Admittedly, this can be hard especially with technical topics but even a
somewhat lacklustre, unimaginative story ("Imagine you were to build a CRUD
app ...") is better than merely walking the audience through a technical
manual.

Use pictures and simple diagrams to underline your message.

Another personal principle of mine for creating presentations is this:

\- Bullet points

\- are

\- the

\- devil's work.

I really don't know why bullet points are the default template in most
presentation software. They lend themselves to being misunderstood as notes
for the speaker to simply read off. Even for actual lists in presentations
bullet points mostly fail to get the message across.
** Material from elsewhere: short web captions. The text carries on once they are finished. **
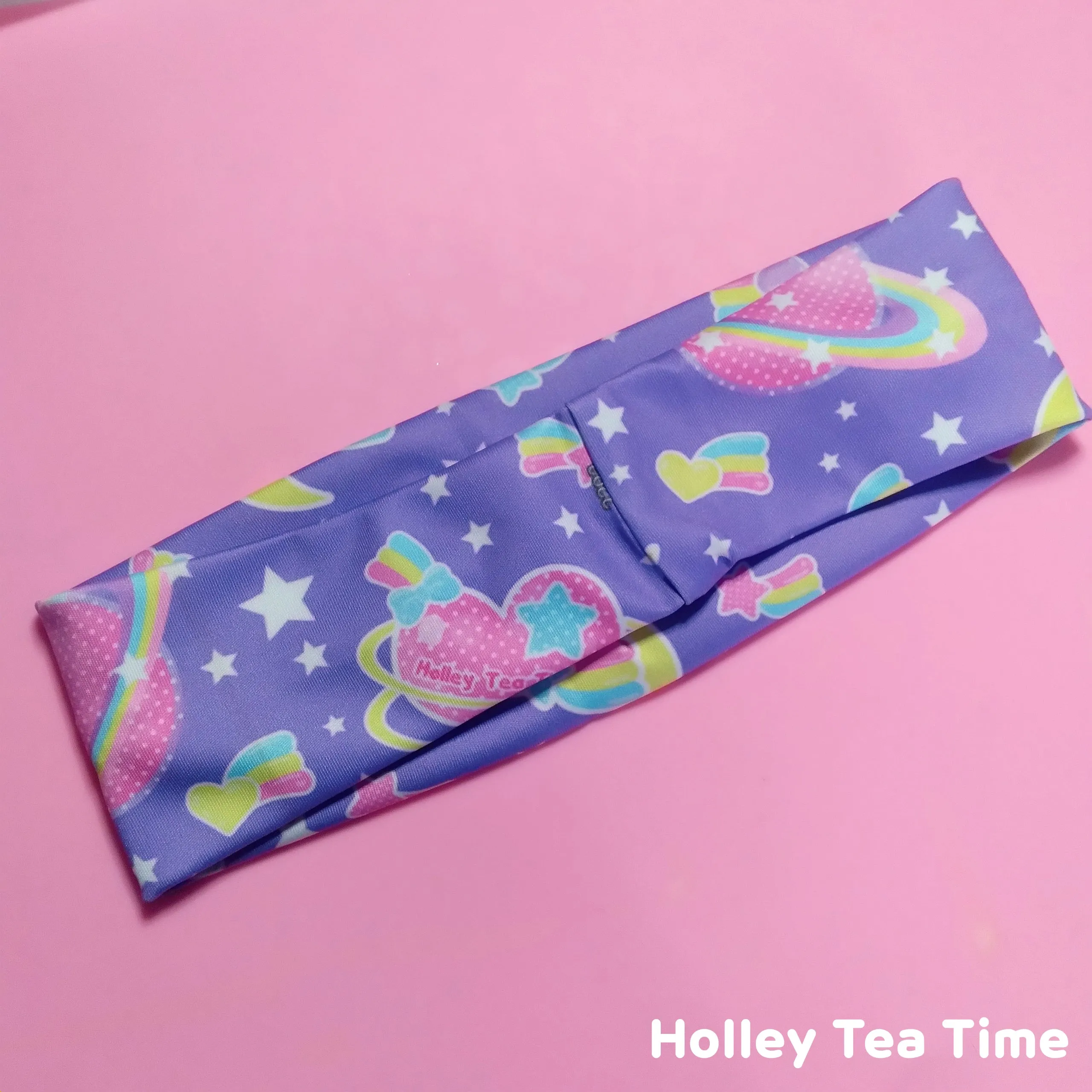 Saturn's wish purple stretchable headband [made to order]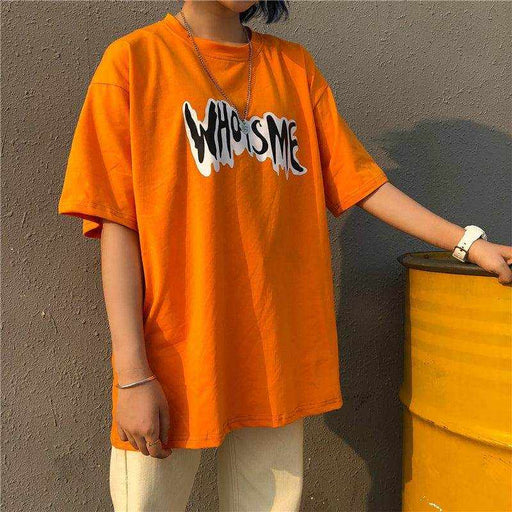 Men Letter and Figure Print Orange T-shirts Fashion Clothing - Magellan Fashion Shop
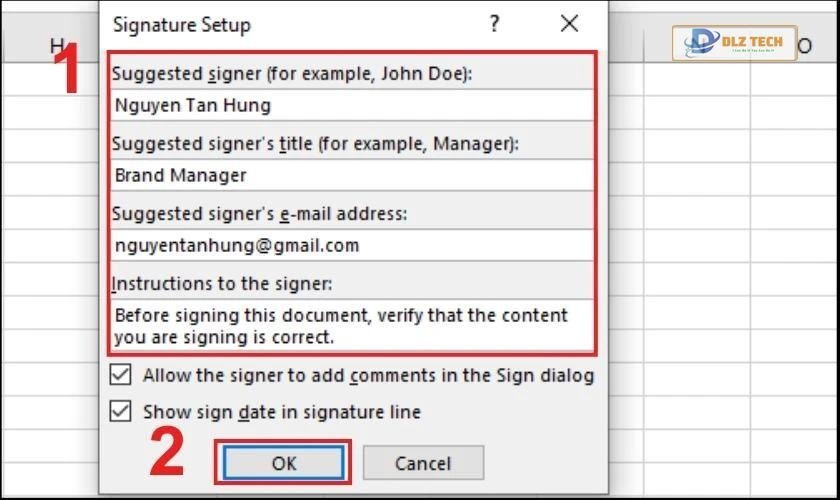 Nhập các mục thông tin chữ ký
Besides, they make your
presentation look cluttered.

The most important aspect of preparing a presentation though is practice.
Usually I practise a presentation until I almost know its contents by heart.
This allows me to improvise and makes me feel comfortable during the talk.

------
johnnycarcin
One of the things I recently learned from James Whittaker
([http://www.docjamesw.com/](http://www.docjamesw.com/)) is to try and tell a
story. Previously I thought I had done a pretty good job about avoiding the
wall-of-text type slides and doing more talking via memory and improvisation.
While I felt that was ok, I think the idea of being able to work an actual
story around your talk helps a lot with keeping your audience engaged.

I realize it's hard to do that for some types of talks but it's something I
have been working on this year.

------
bananaiphone
\- do slides + always try to input a video that sums up the subject and wakes
people up;

\- draw a scheme on a paper;

\- attribute to them the most important points I shouldn't forget to talk
about (sometimes I put in quotes with smart words lol);

\- practice telling your cat/dog or yourself the presentation a few times,
remember the transitions, see if you're okay in terms of time;

\- don't look at your presentation and don't ever read. just use your
important points and simplify the message for it to get heard.